International Car Shipping Blog

South Korean Car Tariffs 2026: Verified Update for Importers & Shippers

Written by Alex Naumov | January 27, 2026 at 6:32 PM

Last updated: January 27, 2026, 1:30 PM EST

⚠️ Breaking News Alert: This article reflects the tariff situation as of January 27, 2026. U.S. trade policy is changing quickly. Always verify current rates with U.S. Customs or a licensed customs broker before finalizing import decisions.

Tariffs on South Korean cars have become a moving target since 2025, and the last few days have added headline risk on top of an already complex structure. Several major outlets report that President Donald Trump intends to raise duties on South Korean auto imports back to 25%, but formal implementation steps are still pending. For vehicle exporters, importers, and logistics planners, the priority is understanding what is legally in force now, what has been threatened, and how to plan shipping around that uncertainty.

This article distills current, verifiable information and clearly labels areas where policy is still in flux. For broader context on Section 232 auto policy and global car duties, you can cross‑reference the WCS guides on global car import taxes and Trump’s 25% tariff on imported cars.

Key Takeaways from Current Reporting

  • Since 2025, U.S. auto tariffs have been reshaped by a Section 232 national‑security framework that raised duties on many imported vehicles, including Korean cars.

  • As of late 2025, South Korean vehicles benefited from a negotiated reduction to a 15% U.S. tariff rate, tied to a broader investment understanding between Washington and Seoul.

  • On January 26–27, 2026, President Trump publicly threatened to restore a 25% tariff on South Korean autos, but formal legal instruments to implement that increase had not yet been published when this article was updated.

  • The EU–South Korea FTA and the UK–South Korea trade agreement continue to provide zero‑tariff entry for qualifying Korean vehicles into Europe and the UK, with non‑qualifying cars facing standard EU/UK MFN rates.

  • For importers and shippers, the most practical approach is to treat 25% as a credible near‑term risk in the U.S., while recognizing that customs will apply the rate that is actually in effect on the date of import clearance.

What Authoritative Sources Currently Indicate

1. Baseline: KORUS FTA and Section 232

Under the Korea–U.S. Free Trade Agreement (KORUS), qualifying South Korean vehicles enjoyed essentially duty‑free access to the U.S. for roughly a decade. That status changed in 2025 when a new Section 232 national‑security initiative extended a 25% duty on most imported vehicles from non‑exempt origins.

WCS’s own 2025 policy overview on importing a vehicle into the United States describes how Section 232 measures layered on top of pre‑existing 2.5% car duties and “baseline” reciprocal tariffs in some cases, pushing effective rates well above what KORUS had originally provided.

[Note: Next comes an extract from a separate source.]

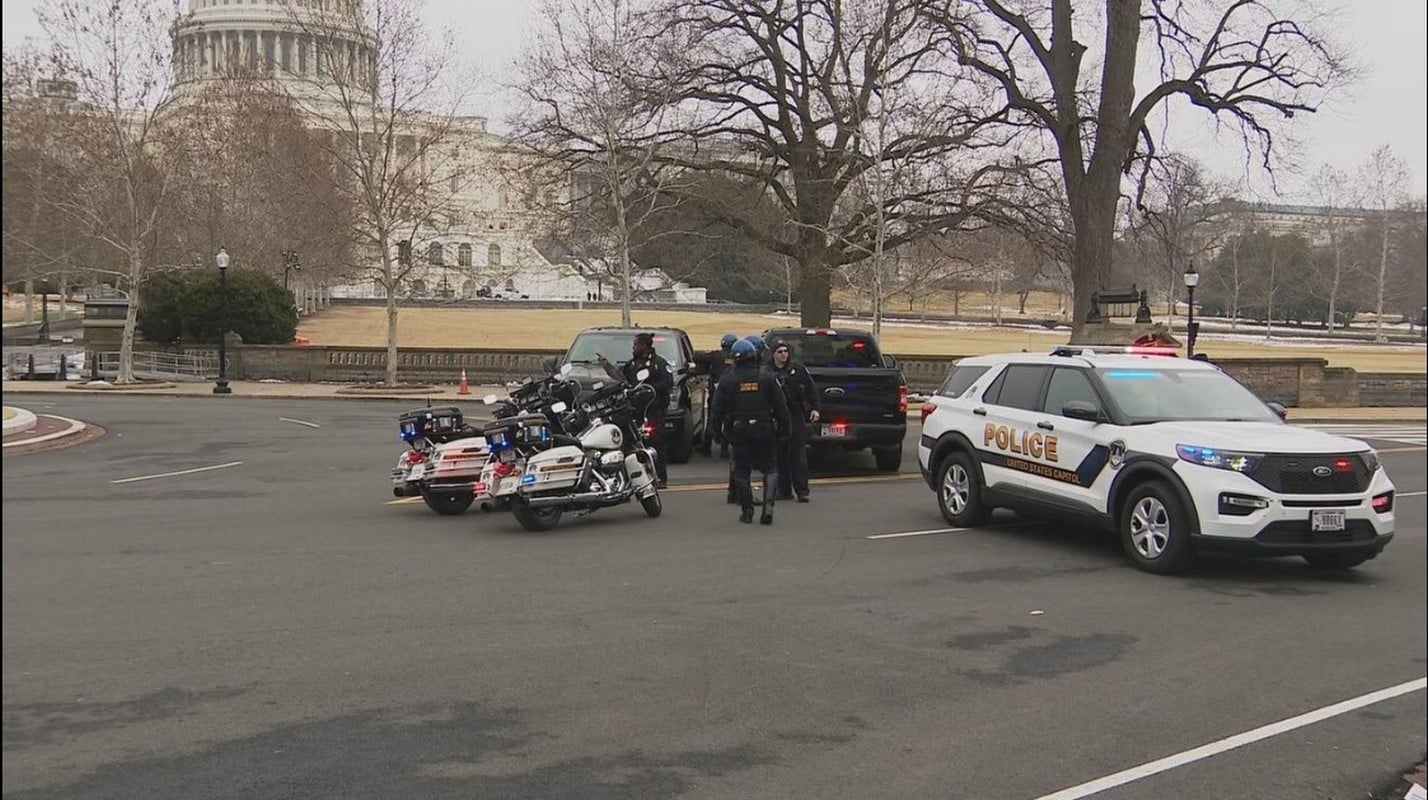 Πανικός στην Ουάσιγκτον: Σύλληψη 18χρονου με καραμπίνα και αλεξίσφαιρο γιλέκο κοντά στο Καπιτώλιο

2. November 2025: Reduction to 15% for South Korean Cars

Trade reporting in late 2025, reflected in outlets tracked by WCS and summarized in internal pieces like Trump tariff delays ease auto markets, indicates that:

  • The U.S. agreed to set a 15% auto tariff on South Korean vehicles, effective November 1, 2025, down from the 25% Section 232 level.

  • The change was part of a broader understanding under which South Korea would advance legislation for a large, multi‑year U.S. investment package often described in media as being in the hundreds of billions of dollars.

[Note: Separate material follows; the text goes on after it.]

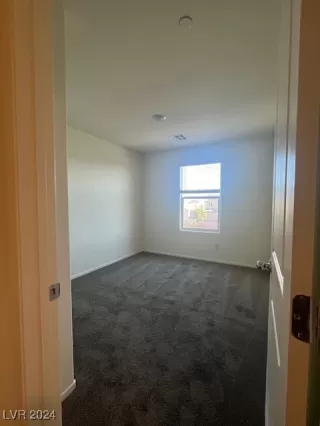 Photo #6: 2627377 Listing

Different outlets describe the size and breakdown of that investment pledge in slightly different ways, so the exact dollar amounts should be treated as indicative political figures rather than precise legal commitments.

3. January 26–27, 2026: Threats to Return to 25%

Multiple major news organizations report that on January 26, 2026, President Trump publicly stated his intention to raise tariffs on South Korean imports, including autos, back to 25% because the Korean legislature had not moved fast enough on the trade deal.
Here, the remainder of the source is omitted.